Drug supply and use have bounced back across Europe after the disruption caused by the pandemic, a new EU report reveals.

In its annual report published earlier today, the EU’s drug agency has warned that new evidence was emerging of rising drug production across the continent.

The report also highlights serious concerns about new psychoactive substances being sold and consumed on the continent.

“For drug use, there are also signs of a return to pre-pandemic levels,” the report states.

“Wastewater analysis, for example, reveals increases in the use of cocaine, crack, amphetamine and methamphetamine in some cities between 2020 and 2021.

“And, as Covid-19 restrictions have been relaxed across Europe, drug treatment and other services appear to have returned to ‘business as usual’, while maintaining some of the innovative practices adopted during lockdown.”

The report also warned that “synthetic drug production continues to increase in Europe," saying illegal laboratories are now churning out huge amounts of amphetamine, methamphetamine and other synthetic drugs.

Drugs and the chemicals needed to produce them are still largely imported into Europe from other parts of the world including South America and Asia, the report reveals.

However, European criminal organisations are tightening their ties with cartels outside the continent in a bid to cut costs for drugs production and trafficking.

The report, which is based on information from European law enforcement agencies, revealed that more than 350 labs for synthetic drugs were detected and dismantled in 2020 in Europe, the latest year for which data is available.

The EU agency added that law enforcement agencies also discovered more cocaine labs and production sites for new drugs, such as cathinone.

Cathinone is a chemical similar to amphetamine which is believed to be the main active substance in khat, a plant traditionally used in Eastern Africa and the Arabian peninsula for its stimulant effects.

The EU drugs agency reported record trafficking of cathinone in Europe, as part of the growing use of new narcotics, which "continue to appear in Europe at the rate of one per week," the report said.

Most dismantled labs of illicit drugs were found in Belgium and the Netherlands.
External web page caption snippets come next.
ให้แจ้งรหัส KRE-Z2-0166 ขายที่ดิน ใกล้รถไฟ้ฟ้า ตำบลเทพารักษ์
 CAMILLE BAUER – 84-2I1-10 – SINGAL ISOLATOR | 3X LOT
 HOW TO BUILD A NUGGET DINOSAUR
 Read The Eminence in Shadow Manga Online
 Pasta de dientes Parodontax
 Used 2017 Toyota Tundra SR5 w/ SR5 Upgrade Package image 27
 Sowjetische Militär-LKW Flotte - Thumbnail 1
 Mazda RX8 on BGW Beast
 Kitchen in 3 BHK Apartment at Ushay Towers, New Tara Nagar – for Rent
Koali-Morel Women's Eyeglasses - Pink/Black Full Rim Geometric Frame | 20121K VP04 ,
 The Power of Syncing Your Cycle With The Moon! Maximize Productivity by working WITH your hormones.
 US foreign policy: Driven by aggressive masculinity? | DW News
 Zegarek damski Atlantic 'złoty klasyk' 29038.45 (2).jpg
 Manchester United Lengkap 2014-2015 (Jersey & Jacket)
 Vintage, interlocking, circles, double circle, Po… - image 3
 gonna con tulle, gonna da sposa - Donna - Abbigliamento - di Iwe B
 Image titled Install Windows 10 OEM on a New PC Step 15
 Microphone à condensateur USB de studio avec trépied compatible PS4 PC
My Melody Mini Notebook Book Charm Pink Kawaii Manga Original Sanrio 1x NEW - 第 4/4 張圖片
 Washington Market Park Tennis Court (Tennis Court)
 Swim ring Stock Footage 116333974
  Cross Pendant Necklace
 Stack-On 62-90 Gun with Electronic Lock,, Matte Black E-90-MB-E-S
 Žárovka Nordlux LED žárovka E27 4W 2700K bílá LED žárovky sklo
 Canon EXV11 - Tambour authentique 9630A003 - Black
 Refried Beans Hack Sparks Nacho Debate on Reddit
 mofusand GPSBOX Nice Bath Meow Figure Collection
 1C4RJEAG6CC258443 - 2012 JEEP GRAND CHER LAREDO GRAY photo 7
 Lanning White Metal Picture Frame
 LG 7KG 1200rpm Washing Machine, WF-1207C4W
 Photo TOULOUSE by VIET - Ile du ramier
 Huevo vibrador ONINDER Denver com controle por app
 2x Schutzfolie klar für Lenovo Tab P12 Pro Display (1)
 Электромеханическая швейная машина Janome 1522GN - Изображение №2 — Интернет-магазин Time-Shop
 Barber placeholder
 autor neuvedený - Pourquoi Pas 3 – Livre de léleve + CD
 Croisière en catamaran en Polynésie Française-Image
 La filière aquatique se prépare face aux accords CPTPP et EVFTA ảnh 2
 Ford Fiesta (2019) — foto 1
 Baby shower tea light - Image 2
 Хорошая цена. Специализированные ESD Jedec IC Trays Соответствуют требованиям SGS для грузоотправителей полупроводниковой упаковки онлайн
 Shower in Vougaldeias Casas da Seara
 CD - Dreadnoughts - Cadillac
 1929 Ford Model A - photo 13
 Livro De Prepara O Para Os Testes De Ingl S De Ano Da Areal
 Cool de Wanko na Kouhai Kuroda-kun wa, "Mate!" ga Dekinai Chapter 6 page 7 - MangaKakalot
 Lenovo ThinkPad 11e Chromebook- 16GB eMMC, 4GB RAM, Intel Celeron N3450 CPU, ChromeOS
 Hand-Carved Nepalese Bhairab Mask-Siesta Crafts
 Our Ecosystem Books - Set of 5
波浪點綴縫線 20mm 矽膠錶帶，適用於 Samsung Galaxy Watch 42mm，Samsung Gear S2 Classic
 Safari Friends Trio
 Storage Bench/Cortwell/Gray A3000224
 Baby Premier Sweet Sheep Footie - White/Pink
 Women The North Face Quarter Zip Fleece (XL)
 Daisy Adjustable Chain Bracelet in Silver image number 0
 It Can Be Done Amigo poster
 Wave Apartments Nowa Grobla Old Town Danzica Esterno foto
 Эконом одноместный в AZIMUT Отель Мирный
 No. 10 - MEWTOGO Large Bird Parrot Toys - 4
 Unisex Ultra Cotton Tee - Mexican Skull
Production facilities were also detected in the Czech Republic, Poland, Germany and other EU countries.

An estimated 5, 800 overdose deaths, involving illicit drugs, occurred in the EU in 2020, the report adds.

Most of these fatalities were associated with polydrug toxicity, which typically involves combinations of illicit opioids, other illicit drugs, medicines and alcohol.

Alongside high cocaine availability in Europe, reports indicate that crack use may be increasing and is now seen among vulnerable drug users in more cities and countries.

Crack is usually smoked, but can also be injected, and is linked to a range of health and social harms including infectious diseases and violence.

Long-term trends point to an estimated 7,000 clients entering drug treatment for crack problems in Europe in 2020, triple the number in 2016.

Developments in the cannabis area are also creating new challenges for how countries respond to Europe’s most commonly consumed illicit drug.

Cannabis products are becoming increasingly diverse, including extracts and edibles (high THC content) and CBD products (low THC content).

In 2020, the average THC content of cannabis resin was 21 %, almost twice that of herbal cannabis (11 %), reversing the trend seen in recent years, when herbal cannabis was typically of higher potency.

This reflects market innovation as resin producers, usually from outside the EU, appear to have responded to competition from herbal cannabis produced inside Europe.

Also highlighted in the report are concerns around illicit cannabis products being adulterated with synthetic cannabinoids, which can be highly potent and toxic.

Users who believe they have purchased natural cannabis products may be unaware that a product contains synthetic cannabinoids and that they are exposed to greater health risks.